MATERIAL FOR THIS TASK
——————

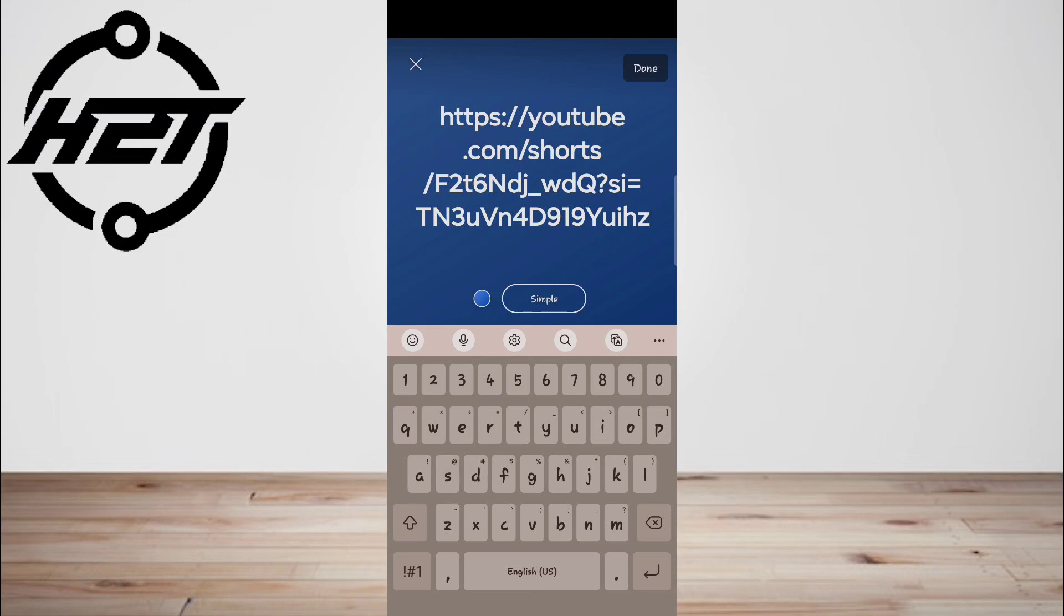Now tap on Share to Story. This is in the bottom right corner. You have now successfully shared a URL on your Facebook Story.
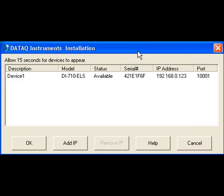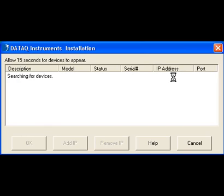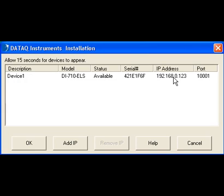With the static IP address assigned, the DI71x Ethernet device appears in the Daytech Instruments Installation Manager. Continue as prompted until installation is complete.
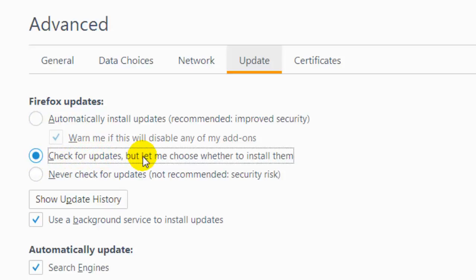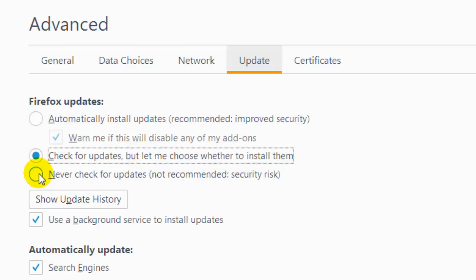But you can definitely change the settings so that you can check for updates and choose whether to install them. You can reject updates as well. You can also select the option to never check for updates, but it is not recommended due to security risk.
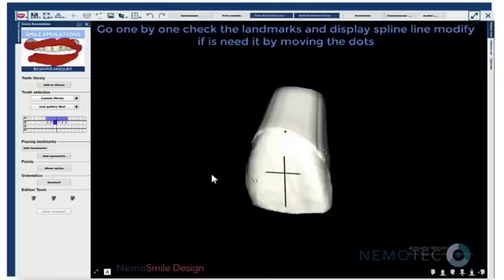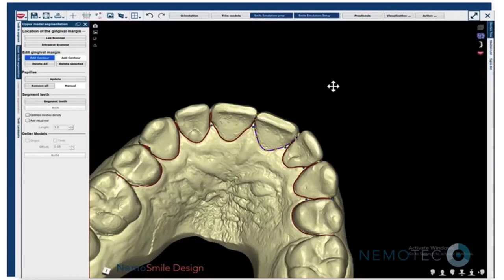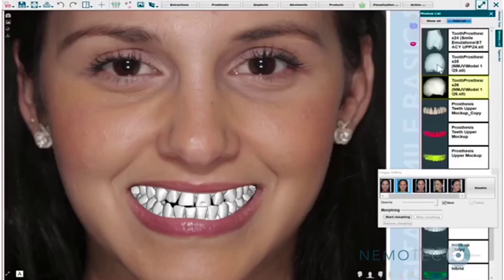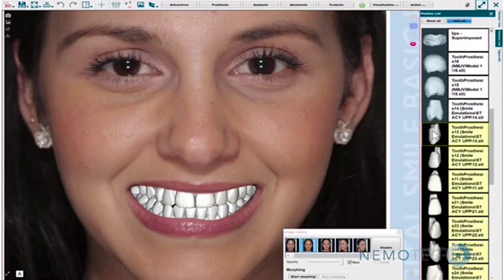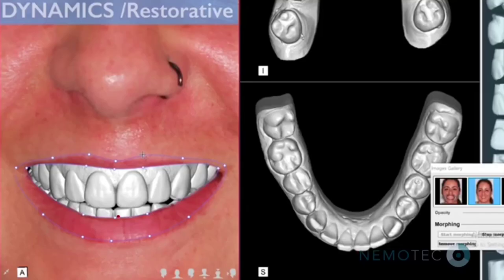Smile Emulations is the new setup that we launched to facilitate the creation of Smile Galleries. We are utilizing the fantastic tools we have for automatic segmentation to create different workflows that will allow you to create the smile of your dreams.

——————

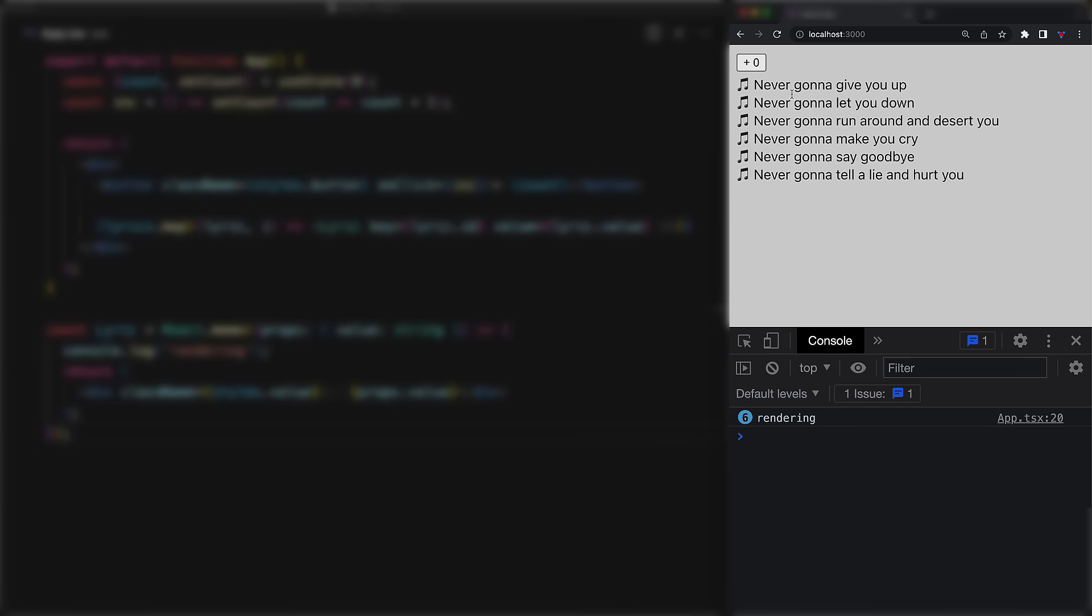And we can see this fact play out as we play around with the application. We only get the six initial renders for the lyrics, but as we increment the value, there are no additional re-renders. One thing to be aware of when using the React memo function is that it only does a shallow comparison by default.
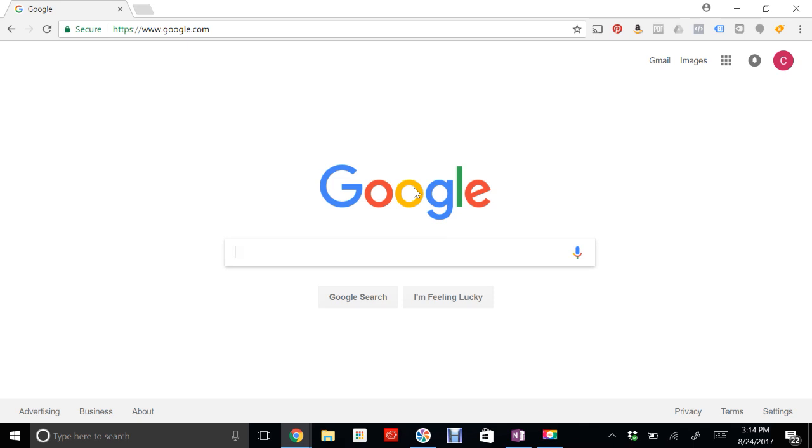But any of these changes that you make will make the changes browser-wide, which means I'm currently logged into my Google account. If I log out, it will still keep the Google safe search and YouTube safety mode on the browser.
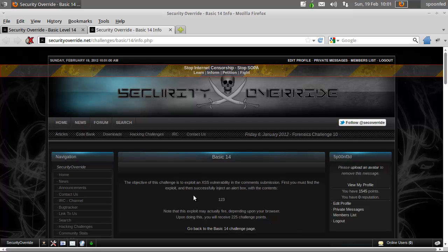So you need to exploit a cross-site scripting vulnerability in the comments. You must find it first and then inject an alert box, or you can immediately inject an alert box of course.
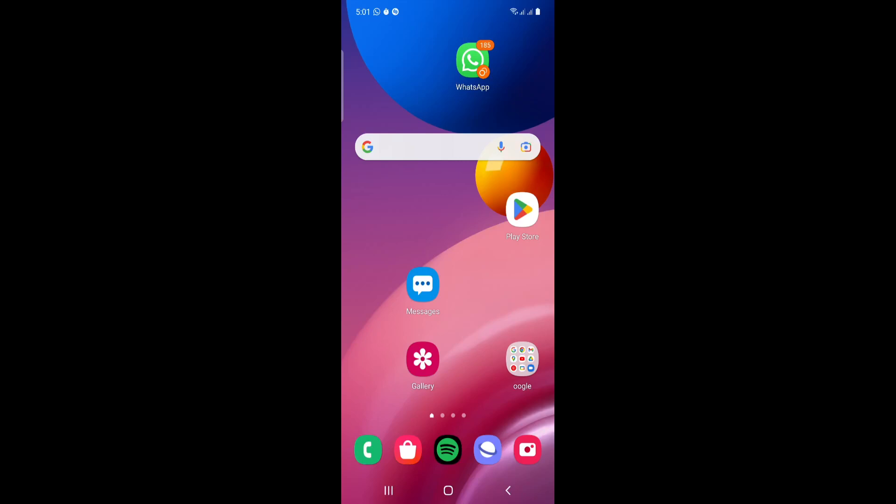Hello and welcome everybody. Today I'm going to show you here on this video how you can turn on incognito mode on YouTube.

——————

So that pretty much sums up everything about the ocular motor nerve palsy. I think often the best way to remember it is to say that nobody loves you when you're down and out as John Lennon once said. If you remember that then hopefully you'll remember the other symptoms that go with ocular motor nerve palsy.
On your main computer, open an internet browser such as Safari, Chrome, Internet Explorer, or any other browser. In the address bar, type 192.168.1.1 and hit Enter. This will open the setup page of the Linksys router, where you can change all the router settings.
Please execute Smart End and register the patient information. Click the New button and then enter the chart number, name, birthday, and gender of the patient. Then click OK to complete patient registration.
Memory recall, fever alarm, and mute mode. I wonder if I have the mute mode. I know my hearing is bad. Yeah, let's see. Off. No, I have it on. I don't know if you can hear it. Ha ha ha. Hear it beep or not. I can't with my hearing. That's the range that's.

——————

EXERCISE AIM
Look above for the line with "Now tap on Share"; quote it and every line after it, stopping after the line with "With the static", exactly, with nothing added and without pictures.

WRITTEN RESPONSE
Now tap on Share to Story. This is in the bottom right corner. You have now successfully shared a URL on your Facebook Story.
With the static IP address assigned, the DI71x Ethernet device appears in the Daytech Instruments Installation Manager. Continue as prompted until installation is complete.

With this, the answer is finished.